Most cases of pediatric uveitis are non-infectious (67.2– 93.8%) [6]. Most studies report JIA as the main underlying systemic disease associated with childhood non-infectious uveitis [6].

Toxoplasmosis is the most common form of infectious uveitis in most studies [7]., Toxocariasis is the second infectious cause of uveitis [4]. In Europe, poststreptococcal uveitis accounts for 2.5–10.6% of pediatric cases [3].

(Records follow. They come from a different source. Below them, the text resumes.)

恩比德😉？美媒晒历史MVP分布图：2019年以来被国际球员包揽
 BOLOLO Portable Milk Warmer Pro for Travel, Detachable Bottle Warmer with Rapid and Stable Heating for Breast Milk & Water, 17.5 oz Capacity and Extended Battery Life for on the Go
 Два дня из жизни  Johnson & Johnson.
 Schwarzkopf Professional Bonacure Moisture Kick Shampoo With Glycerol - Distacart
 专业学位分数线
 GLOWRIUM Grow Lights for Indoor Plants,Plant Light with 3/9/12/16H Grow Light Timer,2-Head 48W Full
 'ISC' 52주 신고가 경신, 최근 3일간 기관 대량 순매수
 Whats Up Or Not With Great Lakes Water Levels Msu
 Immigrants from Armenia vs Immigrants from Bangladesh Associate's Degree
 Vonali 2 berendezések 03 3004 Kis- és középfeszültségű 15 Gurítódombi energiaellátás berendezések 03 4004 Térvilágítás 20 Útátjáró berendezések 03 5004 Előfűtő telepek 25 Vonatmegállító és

Etiological diagnosis of uveitis begins with the first step of taking history followed by systemic and ocular examination, subsequently there is a long list of differential diagnosis to rule out or rule in the possible etiology. With lack of algorithmic approach laboratory investigation has its own challenging, and other subspecialty consultation may be required.

The present figure (Fig. 1) defines a practical algorithmic approach in diagnosis of pediatric uveitis. Algorithms solve problem by showing the step-by-step evaluation. Steps in building of this algorithm include the following criterion: location as anterior or posterior or intermediate, and unilateral or bilateral findings and the course of disease as an acute, or chronic involvements. If patients have anterior uveitis, then characteristic features as chronic or acute form, alongside with single or both eyes involvement help to focus some limited causes. Same approaches are in chronic or intermediate and posterior uveitis.

Although this algorithm may lack some uncommon diseases, PRSI (Pediatric Rheumatology Society of Iran) proposed this algorithmic approach for stepwise diagnostic manner in pediatric uveitis.